Editing-Sized Displays

"Larger computer screens are very handy too, bringing better imagery and more detailed user interface displays to the editing environment. The usability and productivity advantages of dual-monitor desktop setups are well-known; simply having more screen real estate means you can display larger, longer timelines, or show a more detailed clip bin information area, or have more than one program's windows wide open. Desktop displays are widely available and widely priced, so look carefully before making a purchasing decision. Be aware that graphic display cards are specifically designed for certain LCD screens, so they may not be compatible with all available displays. Video editors will want to ensure that LCD screens have very fast refresh rates, so lagging and trailing artifacts are not visible.

For example, NEC's Display division recently announced a dual-display product bundle, including two 19" MultiSync LCD195VX+ displays and the Matrox Graphics DualHead2Go Graphics eXpansion Module (GXM). It is attractively priced around $699 and comes with a couple of years of warranty and support from both manufacturers. With both analog and digital connectivity, the display package boasts about its "Rapid Response Technology" that is rated at a very fast 5ms, suitable for distortion-free, full-motion video display.

Matrox has also released analog and digital versions of its TripleHead2Go external multidisplay device, which lets you add three DVI-equipped monitors to a compatible workstation, desktop, or notebook computer."

Graphics Cards

"If for some reason three monitors are not enough, one of Matrox's new family of fanless graphics cards might do the trick.
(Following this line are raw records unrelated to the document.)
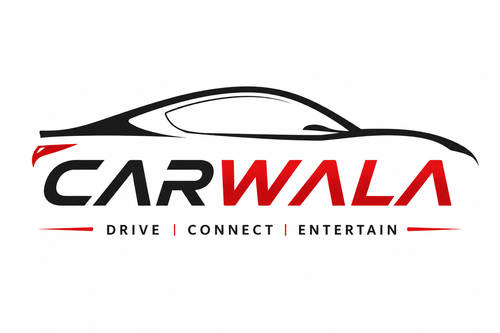 Carwala
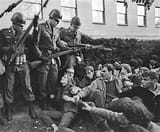 pentagon1967-cropped_pbzvuj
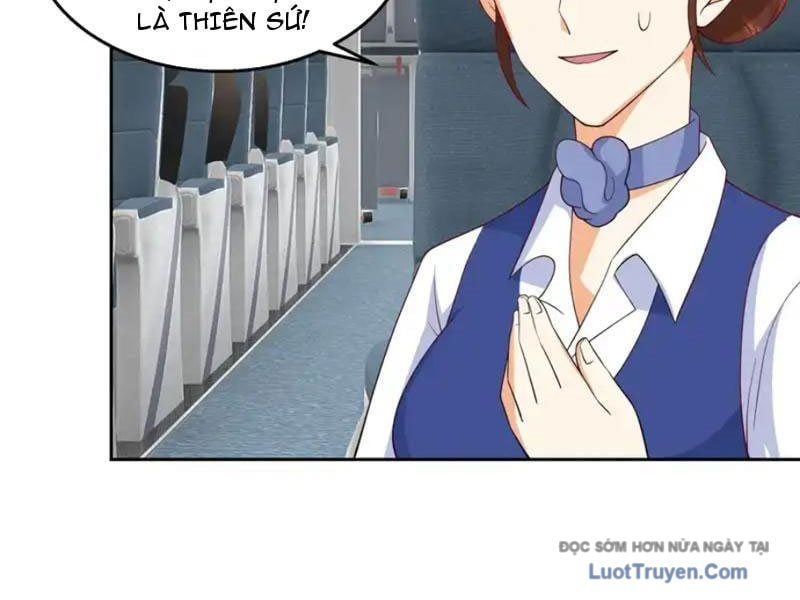 Tiến Hóa Ban Đầu Chap 24 - Next Chap 25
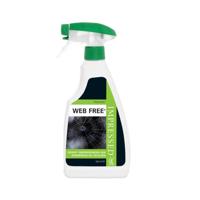 Web Free Spray - thumbnail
The Millennium P690 Series is now available in several form factors, with drivers for deployment across multiple systems. The P690 Plus LP PCI/PCIe products can be upgraded to drive up to eight analog or four digital monitors in a joined-card configuration.

I know of some video editors who have incorporated even larger displays into their home editing and presentation theater environments, installing large, high-definition flat-panel displays either in their studio setups or close enough to the edit workstations that client presentation can be driven right off the timeline."